Considerations When Using Hedge Funds In Variable Products
By Gregory T. Pusch
Several large U.S. insurance carriers now offer policyholders the opportunity to purchase variable insurance products employing hedge funds as the underlying investment vehicle.
Wrapping a variable annuity or variable life insurance policy around a hedge fund creates an attractive product, especially given the current popularity of hedge funds. The result is a hybrid allowing gains on hedge fund investments to be tax deferred, often while also allowing a policyholder to borrow against the cash value of the policy and to make tax-free exchanges and transfers within the policy.
These products are sold to high net worth (or more often “super high net worth”) individuals, usually in an estate planning context.
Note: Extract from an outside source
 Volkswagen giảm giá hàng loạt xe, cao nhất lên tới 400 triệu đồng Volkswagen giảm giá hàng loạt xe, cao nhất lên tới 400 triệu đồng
They also are sold as funding vehicles for deferred benefit plans for executives or donors, such as supplemental executive retirement plans (SERPS), bank-owned life insurance (BOLI) and corporate-owned life insurance (COLI).
Typically the policyholder receives institutional pricing at the insurance contract level, including very low sales loads or commissions (if any), and low annual fees, such as mortality and expenses (M&E) asset-based fees and cost of insurance (COI) charges. In many instances the overall pricing may be individually negotiated with the policyholder.
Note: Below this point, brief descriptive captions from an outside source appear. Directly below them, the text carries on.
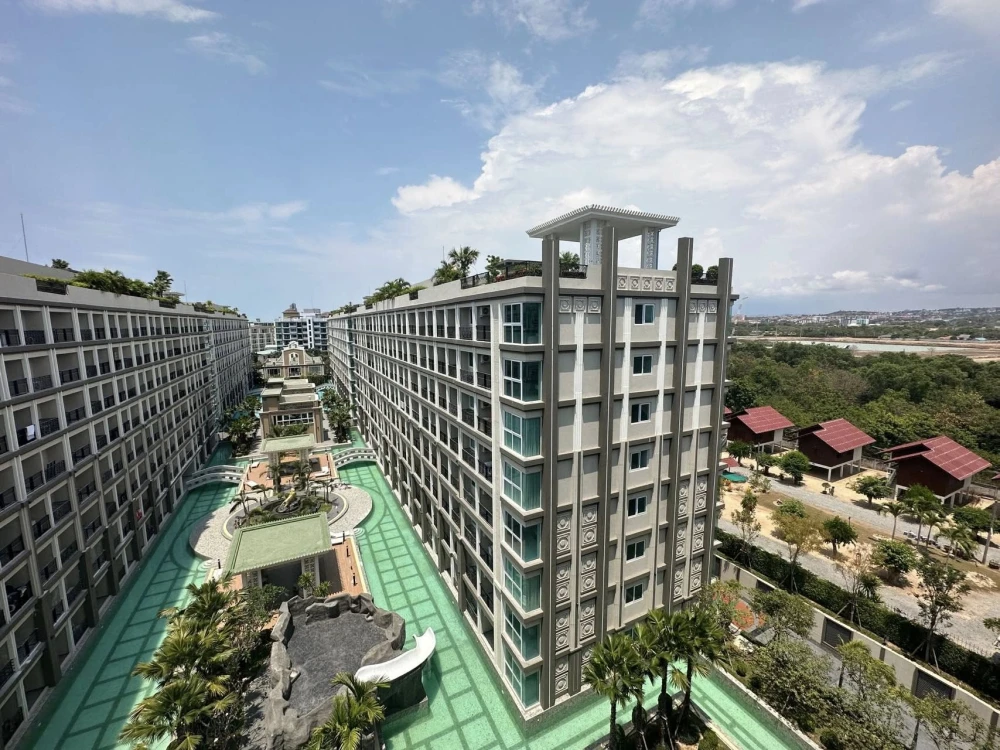 Condo for sale: Dusit Grand Park, ready to move in, comes with complete amenities. Reserve now+++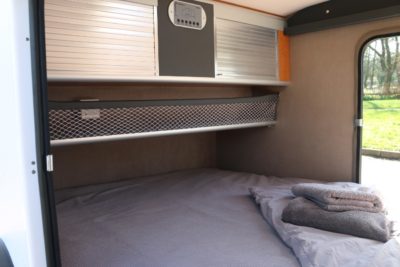 Carette 1500 caravan sleeping area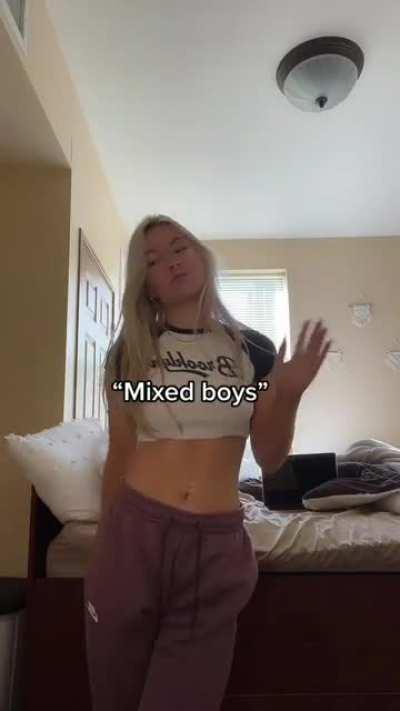 GORGEOUS Blonde👸🏼White Queen LOVES🍫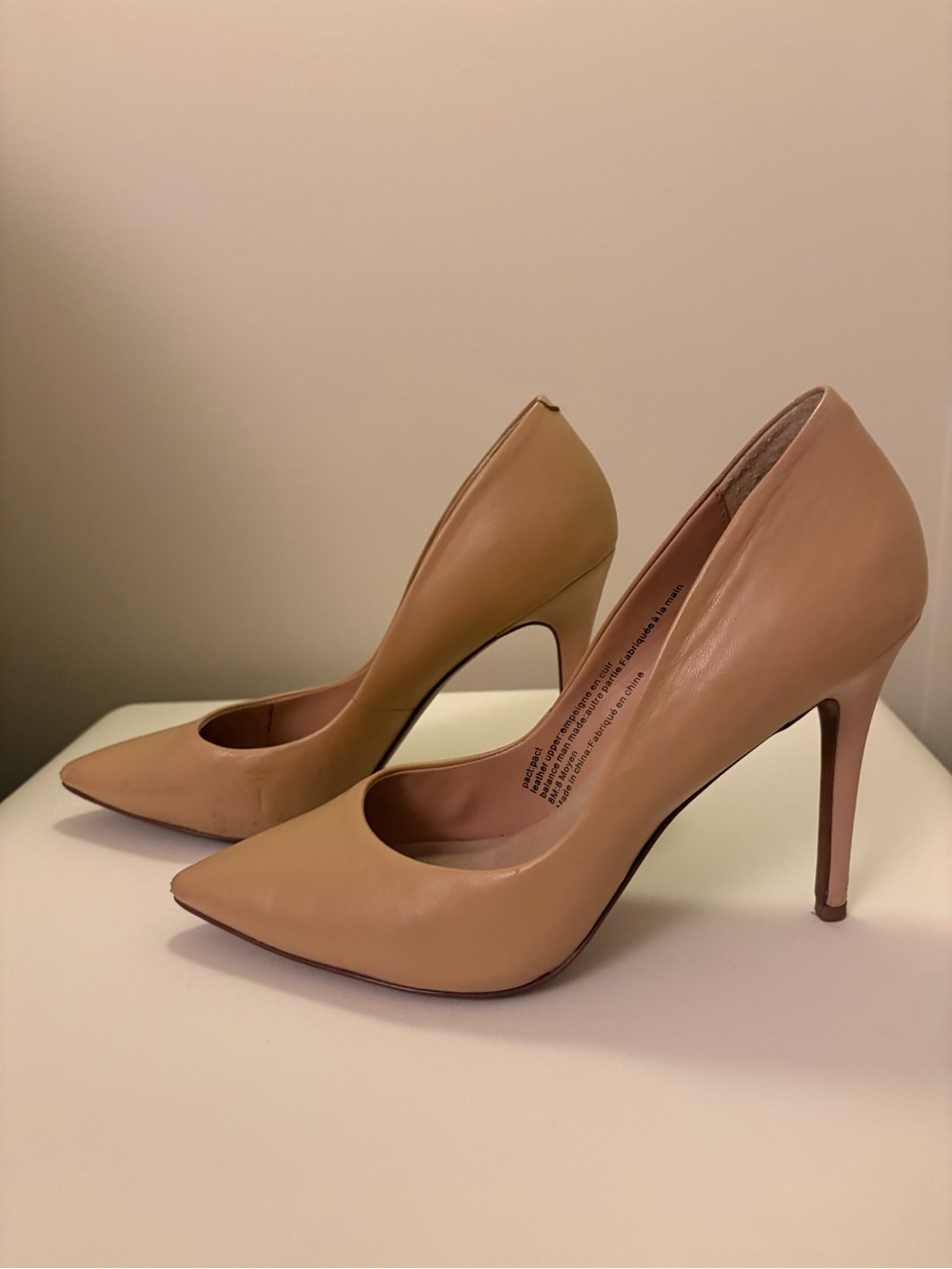 Genuine leather Charles David Nude/Tan Pointed-Toe Stiletto Pumps - Size 8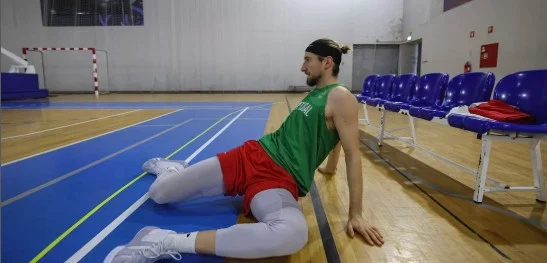 Fazendo história perto do time de basquete masculino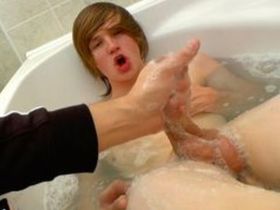 Молодой парень с улицы дрочка члена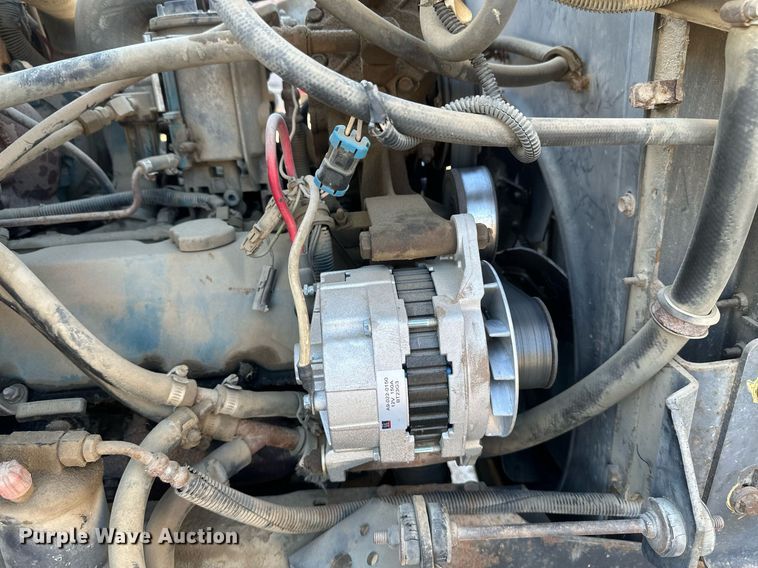 image for item DV0670 1998 International 4700 flatbed truck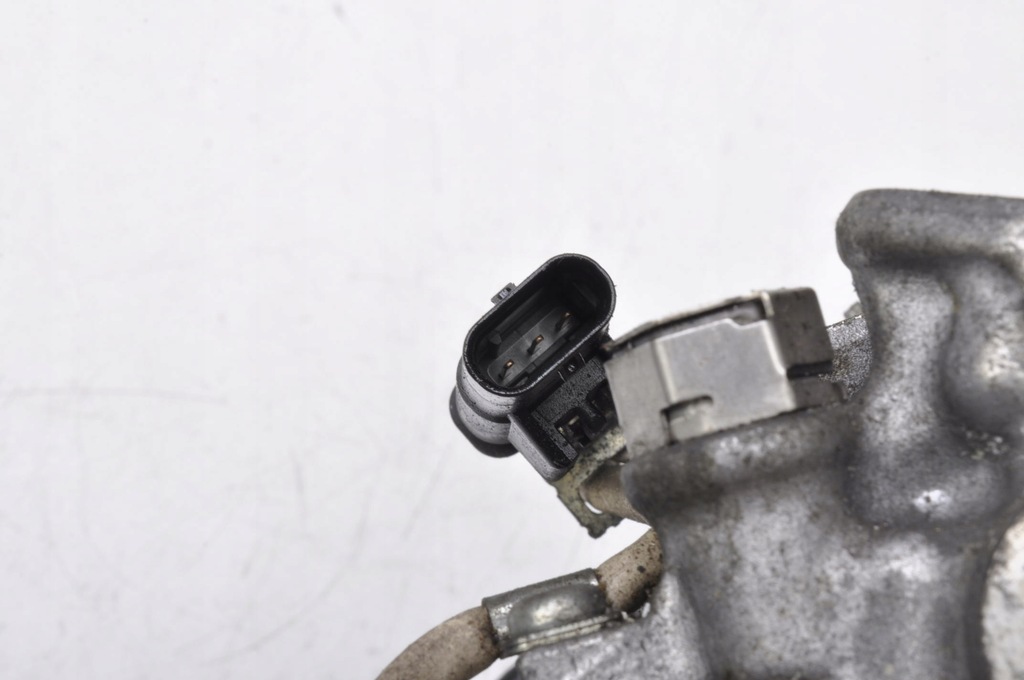 фото №7, Mercedes w176 1.6 компрессор кондиционера 447280-7424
In one sense the legal structure is relatively straightforward–a VA or VL insurance policy that is funded through a separate account or subaccount of the insurance carrier. This is the same basic structure used for retail products employing registered investment companies (mutual funds) as the underlying investment vehicles.
However, detailed requirements under the Internal Revenue Code with respect to investor (policyholder) control, the treatment of loans against the policy as distributions, and diversification of the hedge fund investments must be satisfied when structuring and administering these policies.
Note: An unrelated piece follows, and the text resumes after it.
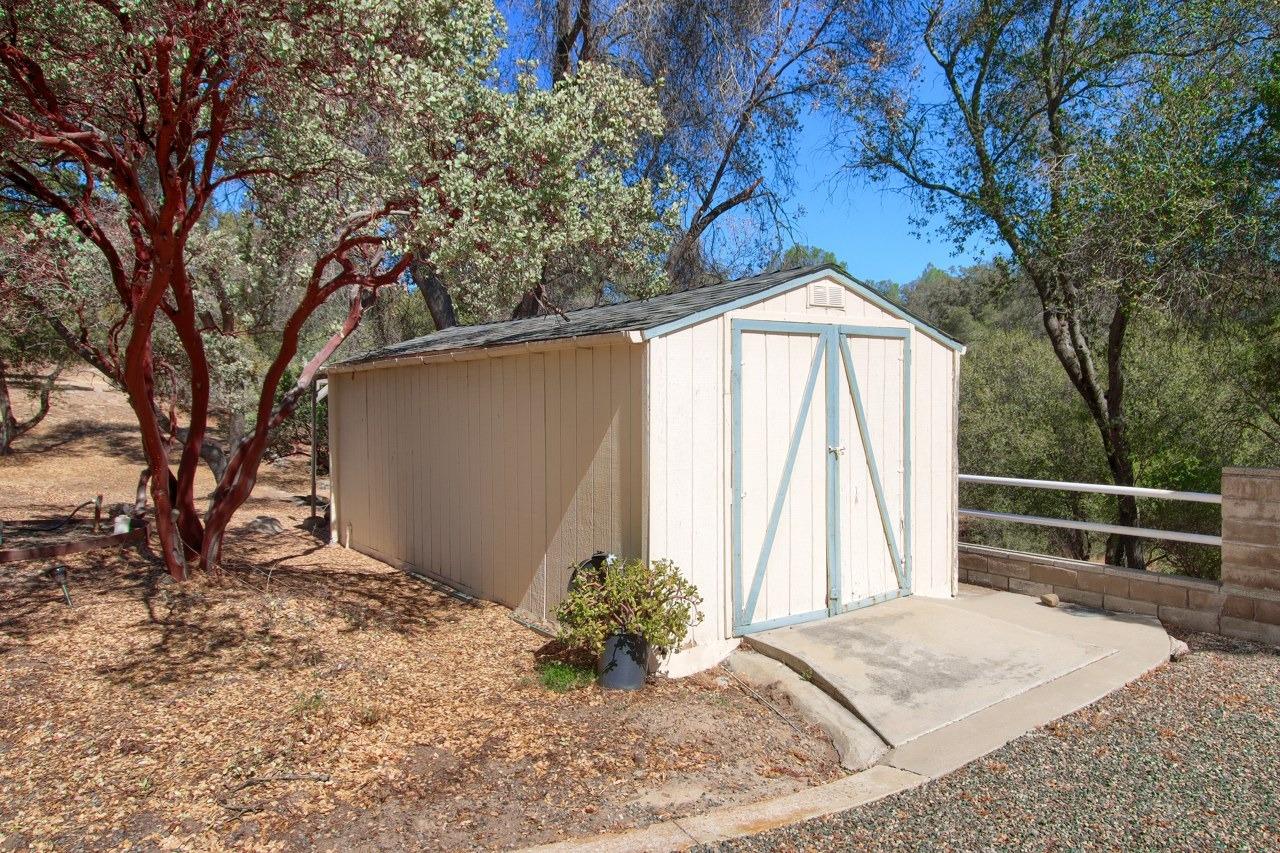 32149 Sunset Ridge Road West Coarsegold, CA 93614 - Photo 43 of 59 Gallery Image 43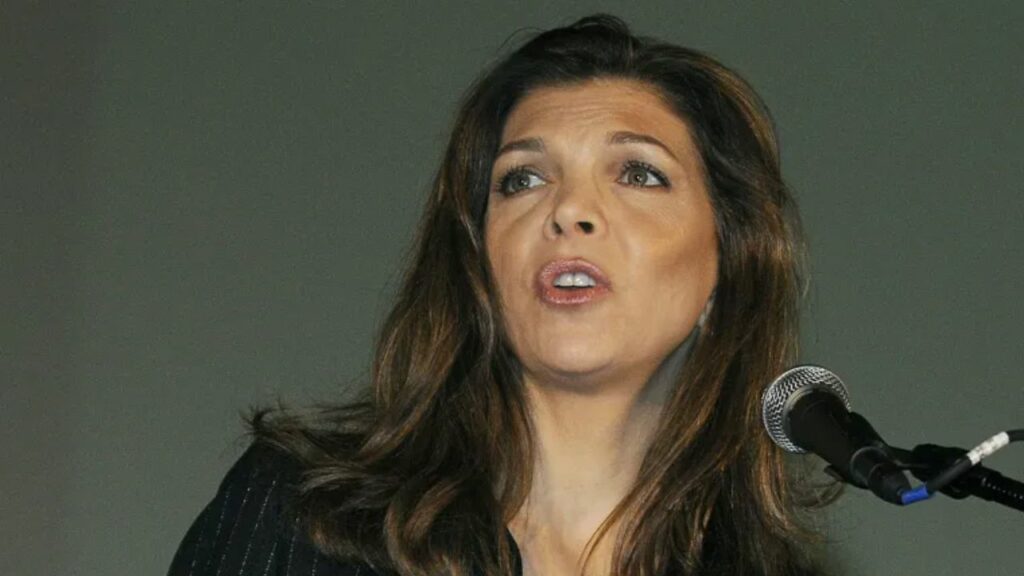 Teresa Earnhardt’s New Boyfriend (Husband) Is She Married to John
In particular, while there is some debate among tax practitioners about the merits of a recent IRS private letter ruling on the subject, it seems clear, at least for now, that a hedge fund used in a variable insurance product may not be sold to other types of investors.
Consequently, a manager of an existing hedge fund wishing to participate in these products likely will need to form a “clone” fund to be used only for this purpose. In addition to incremental increased legal and other costs of creating a clone fund, the hedge fund manager also will need to consider disclosure and other issues relating to the use of the managers existing performance record in selling the product.
On the other hand, using a clone fund was probably already a better practice in any event, particularly for a Securities & Exchange Commission regulated investment advisor and is a relatively small burden if significant assets are involved.